#### Exercise input:
========================

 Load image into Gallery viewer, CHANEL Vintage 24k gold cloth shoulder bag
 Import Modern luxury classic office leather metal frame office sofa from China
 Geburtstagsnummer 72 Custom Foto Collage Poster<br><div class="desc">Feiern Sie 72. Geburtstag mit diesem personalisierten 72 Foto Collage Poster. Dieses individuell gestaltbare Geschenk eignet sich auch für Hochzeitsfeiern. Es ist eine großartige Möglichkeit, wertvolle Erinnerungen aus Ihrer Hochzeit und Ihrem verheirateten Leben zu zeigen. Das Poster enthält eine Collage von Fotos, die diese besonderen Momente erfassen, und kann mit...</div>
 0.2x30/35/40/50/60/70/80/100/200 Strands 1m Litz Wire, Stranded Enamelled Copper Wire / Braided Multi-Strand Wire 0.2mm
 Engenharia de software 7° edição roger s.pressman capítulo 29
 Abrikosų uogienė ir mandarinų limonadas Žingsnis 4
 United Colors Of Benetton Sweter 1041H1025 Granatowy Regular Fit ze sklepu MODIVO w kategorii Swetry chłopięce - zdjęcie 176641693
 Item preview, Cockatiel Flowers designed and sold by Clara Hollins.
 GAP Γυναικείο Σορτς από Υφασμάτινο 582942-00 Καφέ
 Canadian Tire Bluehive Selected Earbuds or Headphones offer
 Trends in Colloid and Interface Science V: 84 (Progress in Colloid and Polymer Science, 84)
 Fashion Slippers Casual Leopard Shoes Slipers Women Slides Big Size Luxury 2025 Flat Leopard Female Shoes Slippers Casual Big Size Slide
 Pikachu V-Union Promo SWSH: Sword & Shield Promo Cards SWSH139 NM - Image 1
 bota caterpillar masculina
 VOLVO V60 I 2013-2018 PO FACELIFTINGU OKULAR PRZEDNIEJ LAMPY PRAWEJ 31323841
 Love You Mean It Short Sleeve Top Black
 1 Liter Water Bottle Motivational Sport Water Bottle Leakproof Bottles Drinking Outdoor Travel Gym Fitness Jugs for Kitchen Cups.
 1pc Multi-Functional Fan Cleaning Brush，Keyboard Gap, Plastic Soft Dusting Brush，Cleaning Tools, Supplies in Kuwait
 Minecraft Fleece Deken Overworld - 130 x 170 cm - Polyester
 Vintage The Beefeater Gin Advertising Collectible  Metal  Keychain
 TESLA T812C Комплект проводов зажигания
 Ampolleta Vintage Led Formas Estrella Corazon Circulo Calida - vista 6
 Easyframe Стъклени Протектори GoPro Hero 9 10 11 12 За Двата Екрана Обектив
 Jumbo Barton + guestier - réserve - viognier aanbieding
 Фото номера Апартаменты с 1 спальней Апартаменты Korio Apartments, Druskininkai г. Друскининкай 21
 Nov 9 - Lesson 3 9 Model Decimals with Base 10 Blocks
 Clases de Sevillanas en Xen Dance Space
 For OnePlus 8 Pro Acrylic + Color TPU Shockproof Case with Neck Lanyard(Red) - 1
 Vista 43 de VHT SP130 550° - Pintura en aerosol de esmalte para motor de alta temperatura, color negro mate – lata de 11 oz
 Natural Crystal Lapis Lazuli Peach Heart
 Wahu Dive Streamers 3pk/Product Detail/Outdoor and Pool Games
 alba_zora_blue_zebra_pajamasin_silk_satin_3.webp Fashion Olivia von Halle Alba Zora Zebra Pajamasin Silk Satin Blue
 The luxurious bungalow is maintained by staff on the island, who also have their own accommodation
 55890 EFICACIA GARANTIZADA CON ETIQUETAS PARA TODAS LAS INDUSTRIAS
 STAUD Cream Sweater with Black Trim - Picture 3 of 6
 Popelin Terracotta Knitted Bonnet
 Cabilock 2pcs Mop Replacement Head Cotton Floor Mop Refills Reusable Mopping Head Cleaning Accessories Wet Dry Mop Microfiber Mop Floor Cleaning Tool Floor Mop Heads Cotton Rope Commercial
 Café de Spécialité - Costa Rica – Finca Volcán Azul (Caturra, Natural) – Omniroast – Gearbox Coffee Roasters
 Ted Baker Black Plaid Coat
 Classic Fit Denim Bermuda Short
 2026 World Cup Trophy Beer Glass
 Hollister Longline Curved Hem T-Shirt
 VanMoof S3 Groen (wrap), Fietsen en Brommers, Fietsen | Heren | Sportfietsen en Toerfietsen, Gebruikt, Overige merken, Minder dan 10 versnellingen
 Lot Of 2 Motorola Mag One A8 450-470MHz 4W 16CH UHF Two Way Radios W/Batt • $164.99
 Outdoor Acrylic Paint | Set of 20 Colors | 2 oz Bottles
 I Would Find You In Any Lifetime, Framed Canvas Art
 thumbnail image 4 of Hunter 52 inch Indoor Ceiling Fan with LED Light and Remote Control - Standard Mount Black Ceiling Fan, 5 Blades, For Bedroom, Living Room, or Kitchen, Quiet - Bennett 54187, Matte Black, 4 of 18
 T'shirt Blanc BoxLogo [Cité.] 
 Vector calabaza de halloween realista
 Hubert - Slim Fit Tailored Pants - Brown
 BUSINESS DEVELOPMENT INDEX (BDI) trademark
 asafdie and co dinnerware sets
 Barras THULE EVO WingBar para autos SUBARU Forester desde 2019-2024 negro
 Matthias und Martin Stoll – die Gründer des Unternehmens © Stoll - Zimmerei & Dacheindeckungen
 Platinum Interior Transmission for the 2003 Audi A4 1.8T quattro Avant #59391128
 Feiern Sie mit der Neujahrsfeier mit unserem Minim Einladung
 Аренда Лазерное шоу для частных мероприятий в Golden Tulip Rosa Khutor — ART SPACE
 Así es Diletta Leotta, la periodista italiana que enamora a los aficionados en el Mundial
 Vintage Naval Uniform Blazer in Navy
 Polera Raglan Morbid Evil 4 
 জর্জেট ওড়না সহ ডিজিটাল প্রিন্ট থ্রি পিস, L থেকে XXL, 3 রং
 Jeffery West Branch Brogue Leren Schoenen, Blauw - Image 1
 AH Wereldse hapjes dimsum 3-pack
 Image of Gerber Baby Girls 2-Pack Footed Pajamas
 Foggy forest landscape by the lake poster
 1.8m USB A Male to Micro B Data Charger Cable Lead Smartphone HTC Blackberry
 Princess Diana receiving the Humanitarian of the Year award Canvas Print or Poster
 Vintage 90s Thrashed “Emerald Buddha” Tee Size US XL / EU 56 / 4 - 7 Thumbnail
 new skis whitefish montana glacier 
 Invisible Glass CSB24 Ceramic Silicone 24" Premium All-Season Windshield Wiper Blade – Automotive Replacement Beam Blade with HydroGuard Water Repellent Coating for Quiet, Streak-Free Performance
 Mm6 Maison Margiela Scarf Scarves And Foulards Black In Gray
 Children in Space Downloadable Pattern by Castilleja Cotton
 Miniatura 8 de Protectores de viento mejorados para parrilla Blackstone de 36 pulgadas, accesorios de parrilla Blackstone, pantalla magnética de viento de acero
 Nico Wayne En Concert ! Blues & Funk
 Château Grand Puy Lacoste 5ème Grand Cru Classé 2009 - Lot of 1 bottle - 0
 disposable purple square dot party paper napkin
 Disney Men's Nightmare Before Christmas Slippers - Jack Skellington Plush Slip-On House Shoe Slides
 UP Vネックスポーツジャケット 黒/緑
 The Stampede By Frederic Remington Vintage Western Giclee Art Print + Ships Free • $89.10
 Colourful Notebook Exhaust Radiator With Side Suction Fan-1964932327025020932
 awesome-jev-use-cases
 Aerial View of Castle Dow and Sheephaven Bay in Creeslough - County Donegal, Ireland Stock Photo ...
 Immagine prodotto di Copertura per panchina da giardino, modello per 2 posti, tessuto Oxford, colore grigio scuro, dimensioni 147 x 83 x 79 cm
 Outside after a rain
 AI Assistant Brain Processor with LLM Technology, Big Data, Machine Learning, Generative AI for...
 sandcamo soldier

========================

#### Assignment:
Among the records above, extract exactly the lines from the line with "Easyframe Стъклени Протектори" to the line with "Popelin Terracotta Knitted Bonnet", both lines included, and leave out the rest.

#### Response:
 Easyframe Стъклени Протектори GoPro Hero 9 10 11 12 За Двата Екрана Обектив
 Jumbo Barton + guestier - réserve - viognier aanbieding
 Фото номера Апартаменты с 1 спальней Апартаменты Korio Apartments, Druskininkai г. Друскининкай 21
 Nov 9 - Lesson 3 9 Model Decimals with Base 10 Blocks
 Clases de Sevillanas en Xen Dance Space
 For OnePlus 8 Pro Acrylic + Color TPU Shockproof Case with Neck Lanyard(Red) - 1
 Vista 43 de VHT SP130 550° - Pintura en aerosol de esmalte para motor de alta temperatura, color negro mate – lata de 11 oz
 Natural Crystal Lapis Lazuli Peach Heart
 Wahu Dive Streamers 3pk/Product Detail/Outdoor and Pool Games
 alba_zora_blue_zebra_pajamasin_silk_satin_3.webp Fashion Olivia von Halle Alba Zora Zebra Pajamasin Silk Satin Blue
 The luxurious bungalow is maintained by staff on the island, who also have their own accommodation
 55890 EFICACIA GARANTIZADA CON ETIQUETAS PARA TODAS LAS INDUSTRIAS
 STAUD Cream Sweater with Black Trim - Picture 3 of 6
 Popelin Terracotta Knitted Bonnet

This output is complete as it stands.